I am building bass traps and superchunks for the corners of my room and I want to know if I should use brown kraft paper on the front face of the traps and chunks to increase their efficiency.

I've read so much stuff across the web that I'm in a spin about what is the right thing to do - Nothing on, or thin paper / thick paper, pulled tight / not pulled tight to avoid reflections?

Has anyone done this and have some concrete ideas?

I start to build this Friday and at this point I'm not going to put any Kraft on.

All ideas would be appreciated,

Cheers, Ste.


----------



## bpape (Sep 14, 2006)

It depends on what you want to accomplish - though the kraft isn't going to increase efficiciency as much as stopping some upper mid/high frequency absorption. If it is going on a flat board on the front and is fully bonded, it will produce a 'hump' in the absorption curve at some frequency based on the material behind, space behind to boundary, mass of kraft, etc.

Overall, in the front, don't face it. You want the front to be more dead in the mids and highs on the front wall. In the rear, your choice pending the above and how much other high frequency absorption you will have elsewhere in the space.

Bryan


----------



## SAC (Dec 3, 2009)

Porous corner traps are broad band absorbers, that are increasingly efficient the higher the frequency.

In most small rooms this can present a problem, as it is a very common even that when such corner traps are used in conjunction with porous pane absorbers that the room becomes over damped - dead.

Ideally we only want to use broadband (~300 Hz and up) absorbent panels surgically to control anomalous specular energy - meaning to ONLY use them to address actual anomalous high gain early reflections. We want to retain the remaining none destructive lower gain energy in the room.

To this end we want to make the porous corner traps function as LF absorbers. One way to do this is to face the unit with a surface that is reflective to specular energy.

In order to do this a variety of materials can be used. _The *lightest* material that you want to use is 6 mil plastic sheeting._ This will reflect the mid-high energy while functioning effectively as a high pass filter, absorbing the low frequency energy. It can be 'heavier' or thicker, such as paneling or MDF sheet, but you do not want to go thinner, as test indicate that such material is not exhibit sufficient reflectance.

Actually, in testing, a 6 mil covering will exhibit a decline in absorption of energy (meaning it will become reflective) beginning at ~630 Hz and up. Any thinner and the reflective performance is simply inadequate.


One additional thing that one will want to be aware...in reflecting the energy, you want to be sure that you do not reflect it into the listening area. Instead you want to redirect it outside of the listening area toward the back of the room where it can then be diffused and returned laterally to the listening position. 

This can be done relatively easily by making the corner traps slightly asymmetric, such as making the front wall union 2'4" and the side wall union 2' long. This will angle the face out slightly towards the back of the room and will redirect the reflected energy slightly to the side of the listening position.

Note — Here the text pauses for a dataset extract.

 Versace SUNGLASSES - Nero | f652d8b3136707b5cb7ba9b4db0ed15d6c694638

If one has questions about the actual direction of the reflected energy, the ETC response will easily indicate the effect of the reflective surface and whether it is directed toward the listening position.


----------



## aackthpt (Jan 24, 2011)

Note that most anything said about any configuration that doesn't have good quality (from a lab such as Riverbank) measurements published is somewhat of an educated guess (even if based on loads of experience). Plus there are vagaries with each room, so unless you contract with a pro acoustician using advanced modeling software there will be some level of install-and-test involved. With that bit out of the way:

I built in-room bass dampers the outside of which is fluffy with the regular kraft facing out into the room and I'm very happy with the result. Ethan Winer and Glenn Kuras often say that if you are going to use a membrane facing on your bass dampers, one of the keys is having it bonded to damping material rather than just "over the front" of the device - which is why fiberglass batts or faced 70x panels are convenient. Otherwise you may consider testing it with the membrane free and with it spray-glued to your damping material.

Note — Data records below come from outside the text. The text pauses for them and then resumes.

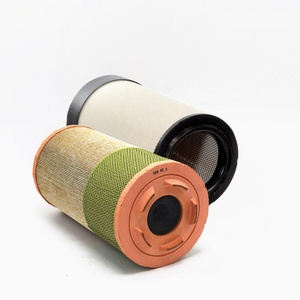 Oem <b>Truck</b> Diesel Engine <b>Air</b> <b>Filter</b> 21386644 - Product Image 1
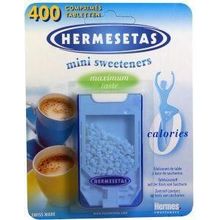 Foto van Hermesetas zoetjes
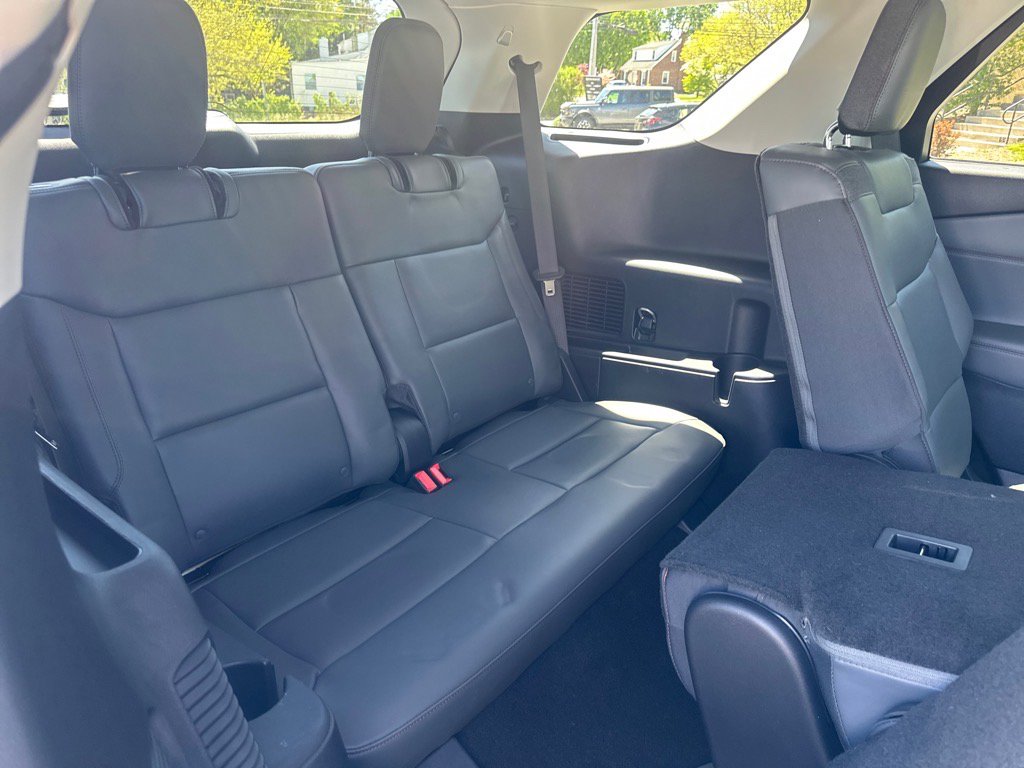 New 2025 Ford Explorer Active w/ Active Comfort Package image 41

With acoustics, though, it is never so simple. If you look at absorption data of faced devices, they get a ~100Hz absorption "bump" that indicates it has a presumably greater absorption within a band about that value. However if you play with enough tuned devices, thickness and spacing of absorbers etc in e.g. Whealy's porous absorber calculator, you will find that often when a device exhibits that response, it has a bit lower absorption (than a device that doesn't exhibit the "bump" such as an unfaced thick fluffy bass damper) below some value ~50Hz. Note that the 100Hz bump can be a feature even of unexpected configurations such as the unfaced superchunk setup, which Eric Desart has noted unexpectedly has what appears to be a response curve resembling a device with a membrane (below 200 Hz at least - at HF it should response as an unfaced device). The performance <50Hz would be a non-issue in a music environment but in an HT it might be a concern.

How you use that information depends on your situation. I'd suggest for most in-room LF damping devices you want them faced unless they are at reflection points you have identified with the mirror method or an ETC analysis, in order to maintain HF ambience in the room. In my situation, however, there is a closet in the back of my room with hollow-core doors in it and testing reveals it is essentially part of the room at LF; therefore I have thick fluffy bass dampers in there without any facing, as my in-room faced devices take care of the higher part of the modal region and the unfaced ones in the closet (which have a sort of "natural" membrane in the closet doors anyway) should more effectively reach the bottom-most modes.

My vote generally would be to (kraft or plastic as SAC suggested) face bass damping devices that are in-room. If they are found to be a reflection point through a mirror-point or ETC analysis, just treat them by mounting whatever type of device you are using at reflection points over top the bass damper. However, the desirability of facing might depend on your personal preferences (I don't like a room that is very dead _or_ one that is very live for example), whether you are using the room for two-channel as well as multichannel, what other acoustic devices you will have in the room, and whether the room is carpeted / has tapestries / has an absorptive drop ceiling, to name a few other possible considerations.


----------